Our accomplishments on human rights, freedoms, and the alleviation of hardship are so gargantuan that statistical comparisons with previous ages are made absurd. In the twentieth century, industrial-scale racism emanating from Western Europe killed millions of Jews and brought the world to war. In the U.S., Jim Crow segregation was the law of the land in the South while de facto segregation reigned elsewhere. In the twenty-first century, we seize on statistically rare police shootings as evidence of an ongoing genocide. You want to know what French barbarity looks like? The guillotine was still in use in the late 1970s. In the previous century, countries in Western Europe saw genuine famines. Today, Western Europe (and America) is fighting an obesity crisis, with the United Kingdom leading the pack.
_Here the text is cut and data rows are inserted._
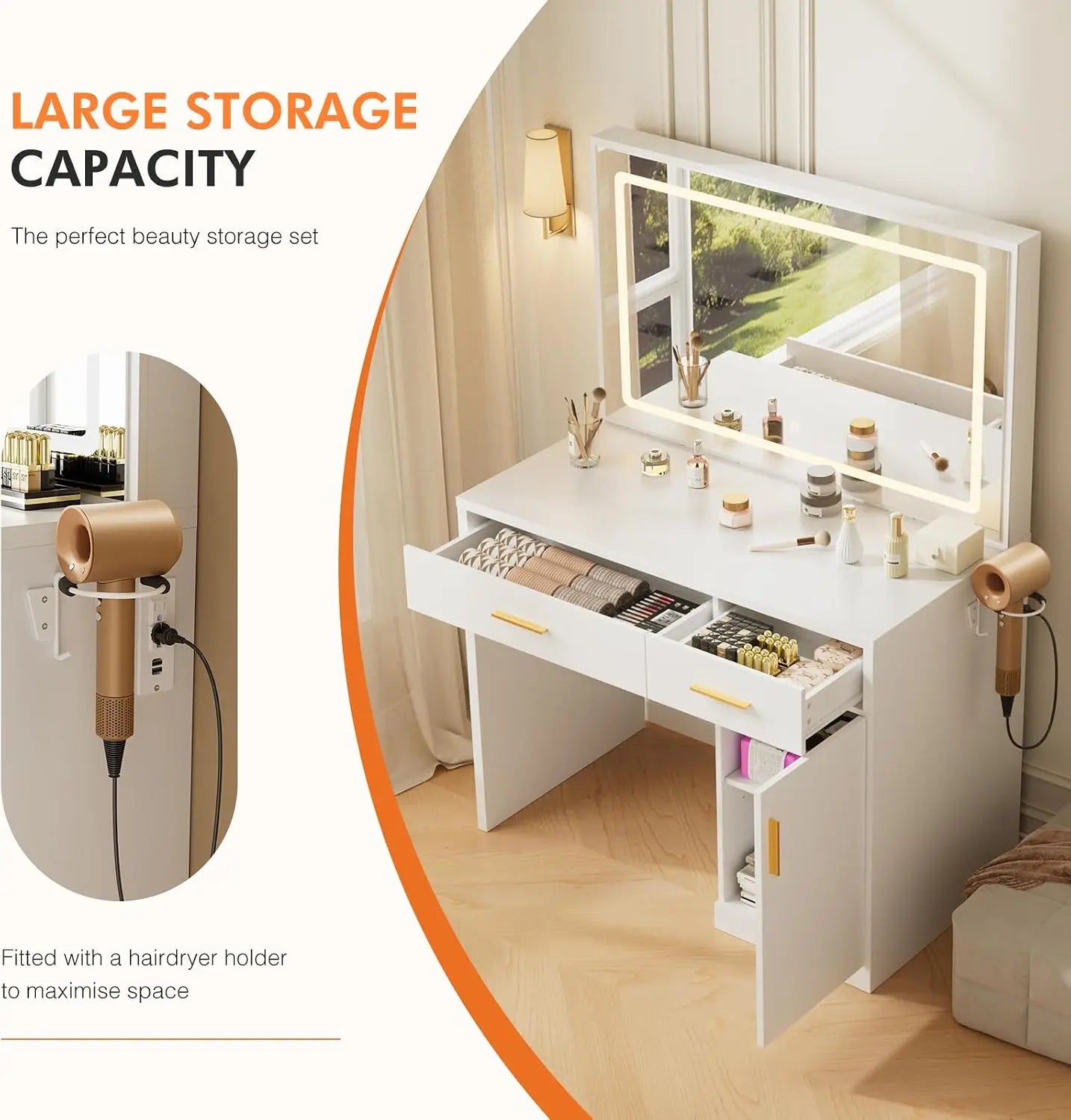 LED Vanity Dressing Table with Charging Station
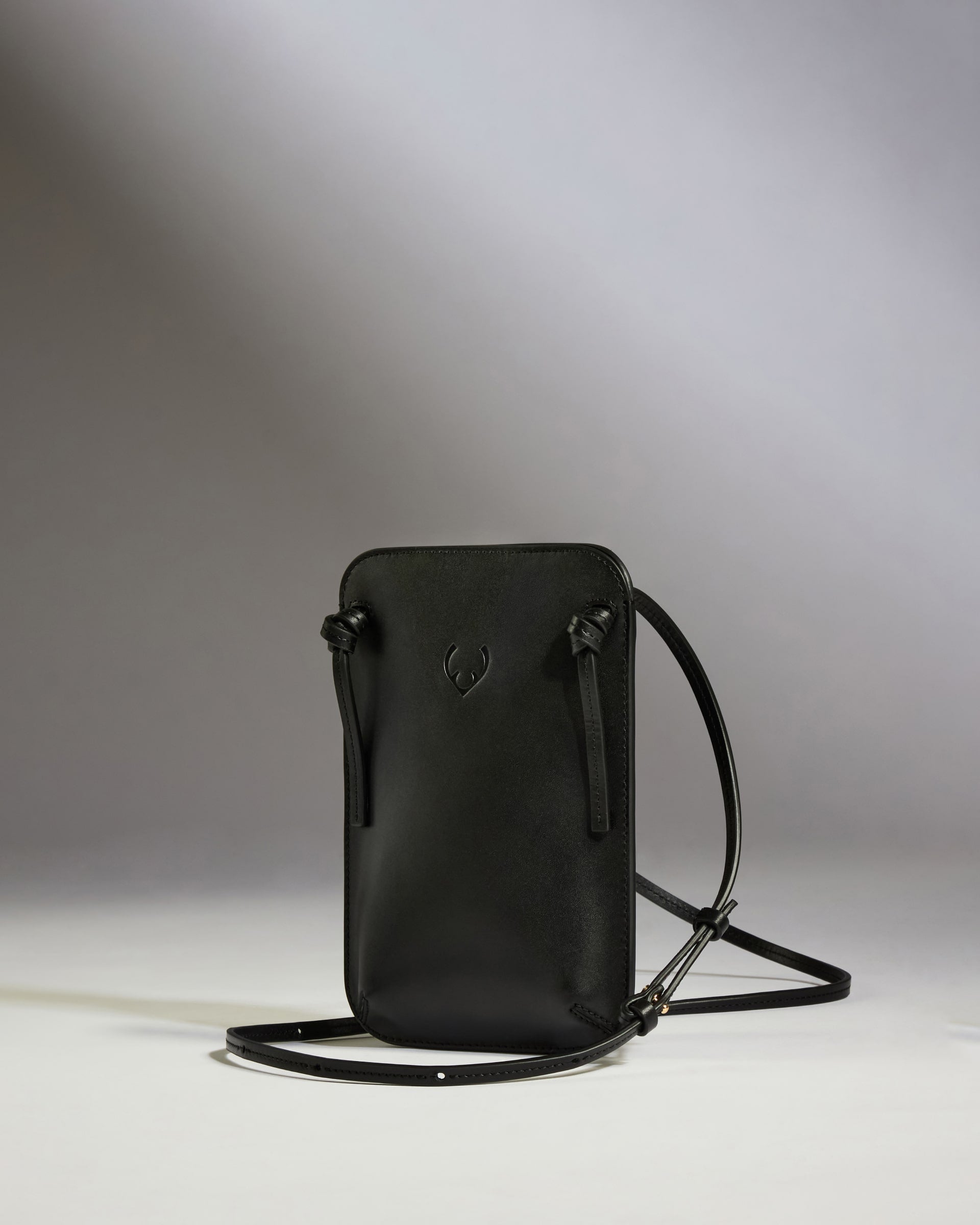 Crossbody Bag in Black Leather Heritage Collection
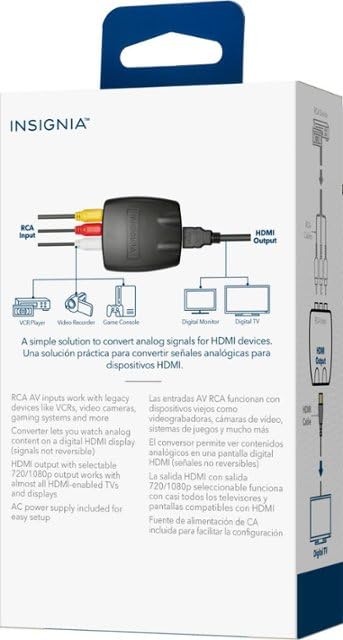 INSIGNIA RCA to HDMI Converter, 1080P RCA Composite Audio Video AV Converter Adapter Supporting PAL/NTSC for TV/PC/ PS3/ STB/Xbox VHS/VCR/Blue-Ray DVD Player
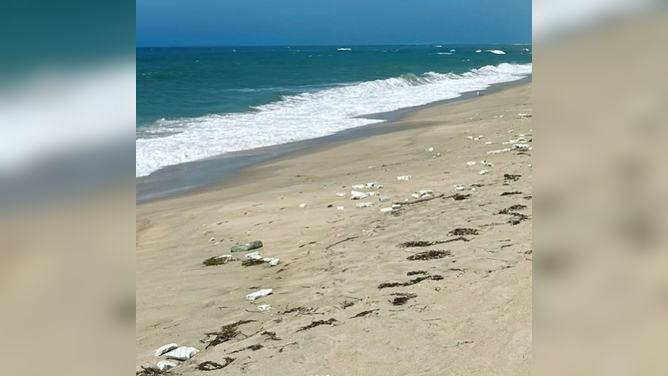 Debris from a Vineyard Wind turbine on Nantucket south shore beaches on July 16, 2024.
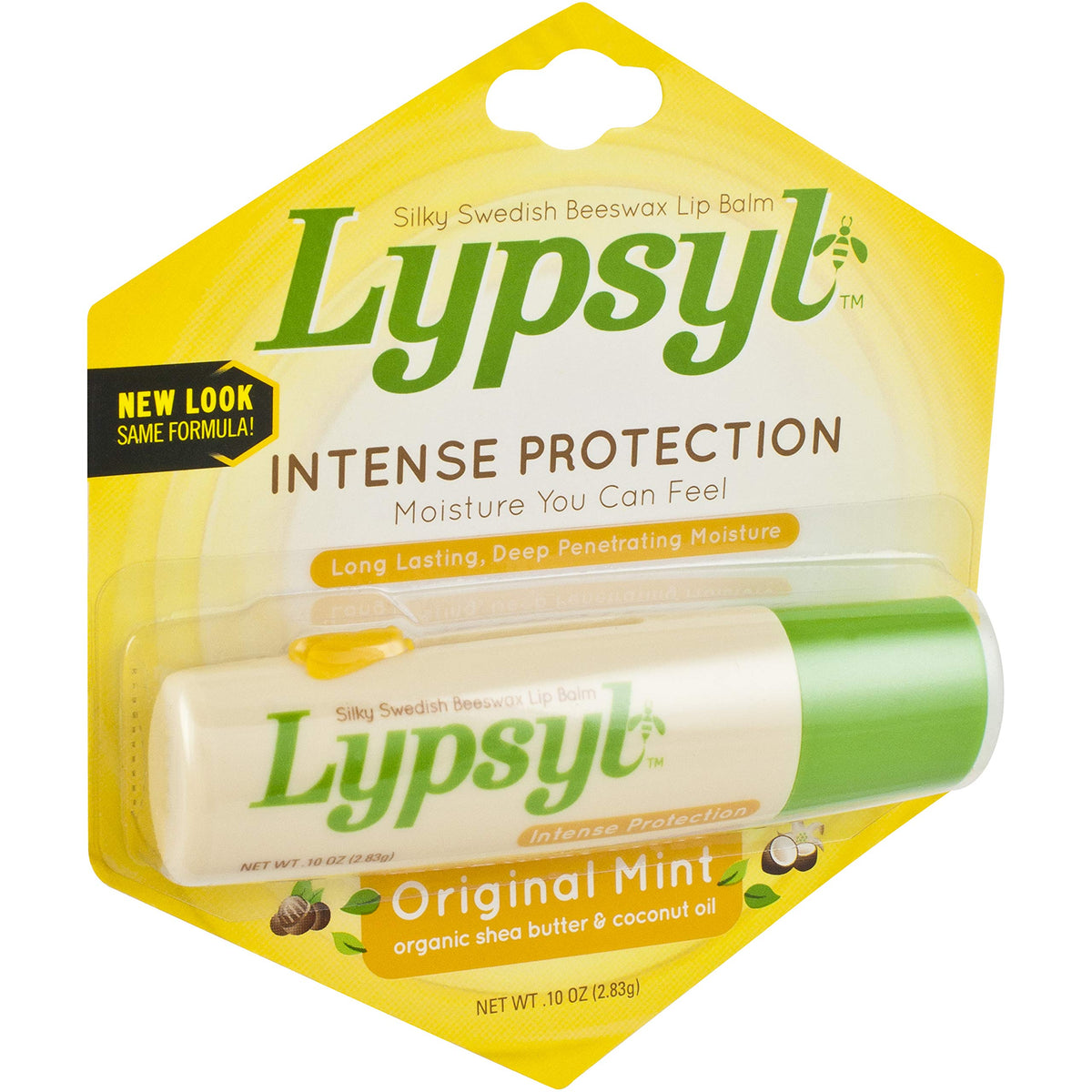 Lypsyl close-up of balm texture highlighting beeswax and shea moisturizing effect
The widespread poverty known to previous ages now seems science-fictional compared to life in today’s West. Between 1960 and 2023, the French GDP per capita went from $1,334 to $43,659, with other Western European nations showing similar growth trends in income and consumption. In the U.S. over the same time period, per capita GDP rose from $3,007 to $70,249. It’s not noted nearly enough that the life of an average citizen of a modern Western country makes the existence of an old-world aristocrat look pauperized by comparison. And the reduction in global poverty driven by Western trade, industry, aid, and debt forgiveness over the past decades has been even more astounding. Between 1990 to 2017 alone, the global poverty rate fell from 36 percent to 9 percent.
We’ve stuffed ourselves to the gills with the good things that we’ve created. But we are still human beings—the one species on the planet that yearns for meaning. And we don’t know where to turn next. In a different age, many would turn to their faith. But in the West, religion has been on a steep decline that crosses the rising rate of mass protests in an X pattern. So aimless activists protest and riot and embrace causes that they hope will bring needed shape to their moral lives.
It’s worth noting that the symptoms of our cultural overabundance go beyond the political. What is the sudden surge of interest in virtual reality but an unapologetic declaration that we’ve grown bored with the world as it is? The AI hype, too, heralds a kind of surrender. As if we’ve decided to let the gadgets take it from here.
In 1929, the Spanish philosopher José Ortega y Gasset wrote a very flawed (and very anti-democratic) book titled The Revolt of the Masses. In it, however, Ortega y Gasset offers this one gem: “When what was before an ideal becomes a component part of reality, it inevitably ceases to be an ideal.” That’s the dilemma facing the stuffed and starved citizens of the West.
How do we see ourselves out of this? The way out surely begins with gratitude. Some appreciation for how far we’ve come would go a long way toward getting our progress back on track. But gratitude is antithetical to the false promise of mass protest. And so, we may have to wait for the new ideals and new tactics to fail before reclaiming the aspirations on which our civilization was built.